Exclude the pictures, then repeat the remaining data exactly.
Data shown Block Start
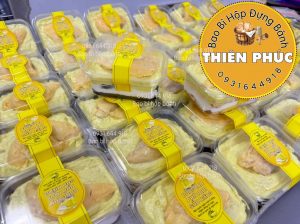 Hộp S231 đựng mousse chữ nhật - Hộp S231 đựng bánh bông lan phô mai sầu riêng - Hộp tiramisu S231  450ml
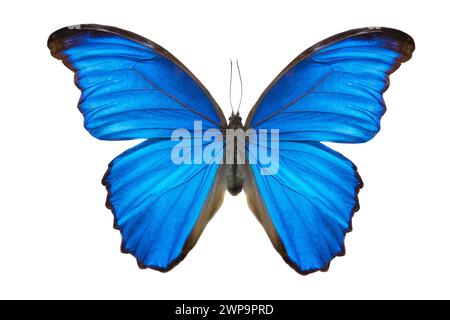 Morpho-Schmetterling (Morpho didius). Ein blauer Schmetterling aus Südamerika auf weißem Hintergrund. Stockfoto
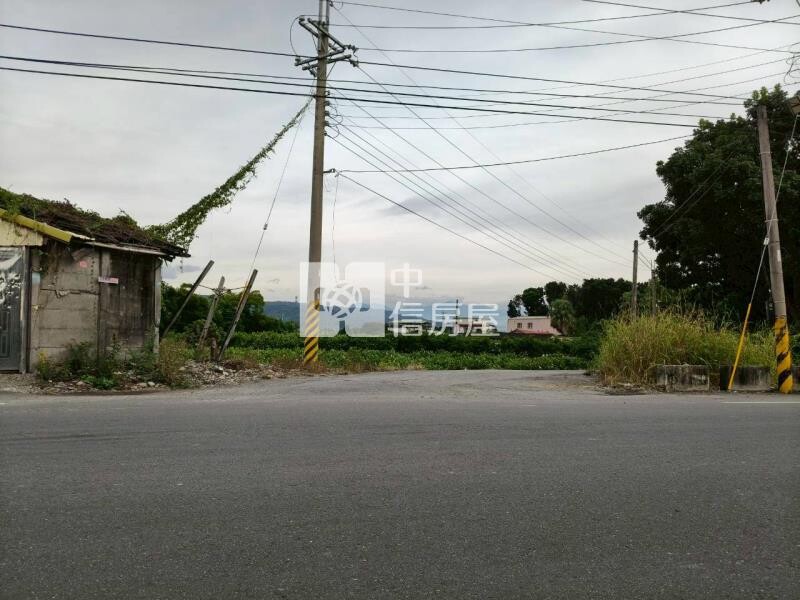 田中興酪路旁田地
Data shown Block End
* [Problem solution]
 Hộp S231 đựng mousse chữ nhật - Hộp S231 đựng bánh bông lan phô mai sầu riêng - Hộp tiramisu S231  450ml
 Morpho-Schmetterling (Morpho didius). Ein blauer Schmetterling aus Südamerika auf weißem Hintergrund. Stockfoto
 田中興酪路旁田地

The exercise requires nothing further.